— TASK TO CARRY OUT —
Restate, word for word, every line of the data.

— COLLECTED DATA —
■ ■ ■ ■ ■

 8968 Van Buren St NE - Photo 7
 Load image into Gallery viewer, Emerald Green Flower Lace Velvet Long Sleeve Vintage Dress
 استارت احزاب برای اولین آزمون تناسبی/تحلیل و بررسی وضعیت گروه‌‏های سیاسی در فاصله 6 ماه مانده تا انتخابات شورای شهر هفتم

■ ■ ■ ■ ■

— TASK OUTPUT —
 8968 Van Buren St NE - Photo 7
 Load image into Gallery viewer, Emerald Green Flower Lace Velvet Long Sleeve Vintage Dress
 استارت احزاب برای اولین آزمون تناسبی/تحلیل و بررسی وضعیت گروه‌‏های سیاسی در فاصله 6 ماه مانده تا انتخابات شورای شهر هفتم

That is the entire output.